Stanford University Medical Center is an American teaching hospital which includes Stanford Health Care and Stanford Children's Health. It serves as a private hospital for the Stanford University School of Medicine. In 2022–23, it was ranked by the U.S. News as the 3rd-best hospital in California (behind Cedars-Sinai Medical Center and UCLA Medical Center) and 10th-best in the country.

==Stanford Hospital==
Stanford Health Care is located at 500 Pasteur Drive, Stanford, California. The main hospital building and the Hoover Pavilion are within the city limits of Palo Alto. It is consistently ranked as one of the best hospitals in the United States by U.S. News & World Report and serves as the primary teaching hospital for the Stanford University School of Medicine. The facility, located at the north end of the university campus, includes the main hospital building, Stanford Comprehensive Cancer Center, Blake Wilbur Building, Boswell Building, Hoover Pavilion, Neurosciences Health Center, and the Department of Psychiatry & Behavioral Sciences building, as well as miscellaneous professional offices & departments of the School of Medicine and Stanford Health Care, plus the recent expansions. The roof of the main building contains a landing facility and Life Flight helicopter.

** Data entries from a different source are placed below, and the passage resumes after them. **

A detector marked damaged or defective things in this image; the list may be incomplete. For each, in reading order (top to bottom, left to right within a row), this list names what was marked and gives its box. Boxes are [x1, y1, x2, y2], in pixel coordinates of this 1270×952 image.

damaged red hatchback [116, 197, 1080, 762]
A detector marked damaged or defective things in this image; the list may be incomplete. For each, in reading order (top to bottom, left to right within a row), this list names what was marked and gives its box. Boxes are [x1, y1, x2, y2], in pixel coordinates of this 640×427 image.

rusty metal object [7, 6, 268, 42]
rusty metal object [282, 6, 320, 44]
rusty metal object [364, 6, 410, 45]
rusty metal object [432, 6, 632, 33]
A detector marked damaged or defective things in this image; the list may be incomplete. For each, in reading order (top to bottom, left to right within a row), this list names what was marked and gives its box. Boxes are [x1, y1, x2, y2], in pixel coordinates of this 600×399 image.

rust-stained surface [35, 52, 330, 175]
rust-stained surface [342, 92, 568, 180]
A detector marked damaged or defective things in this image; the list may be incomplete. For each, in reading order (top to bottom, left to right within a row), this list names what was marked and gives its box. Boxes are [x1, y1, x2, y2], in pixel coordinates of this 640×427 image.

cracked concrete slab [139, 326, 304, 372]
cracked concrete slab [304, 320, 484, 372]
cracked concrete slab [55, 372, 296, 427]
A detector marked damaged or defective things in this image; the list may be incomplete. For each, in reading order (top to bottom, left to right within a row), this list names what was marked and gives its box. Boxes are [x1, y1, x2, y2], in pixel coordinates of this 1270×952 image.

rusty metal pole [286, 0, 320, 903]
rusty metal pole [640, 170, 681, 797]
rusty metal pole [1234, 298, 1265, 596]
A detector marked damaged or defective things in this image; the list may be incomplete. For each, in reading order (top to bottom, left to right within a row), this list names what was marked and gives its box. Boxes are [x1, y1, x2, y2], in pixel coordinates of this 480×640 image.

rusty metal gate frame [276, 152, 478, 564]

Stanford Health Care provides both general acute care services and tertiary medical care for patients locally, nationally and internationally. Organ transplantation, cancer diagnosis and treatment, cardiovascular medicine and surgery, and neurosciences are clinical specialties of worldwide renown. Among its many achievements, the first combined heart-lung transplant in the world was successfully completed at Stanford University Medical Center in 1981. The hospital plays a key role in the training of physicians and other medical professionals. It provides a clinical environment for the medical school's researchers as they study ways to translate new knowledge into effective patient care. Full-time Stanford faculty and community physicians make up the hospital medical staff.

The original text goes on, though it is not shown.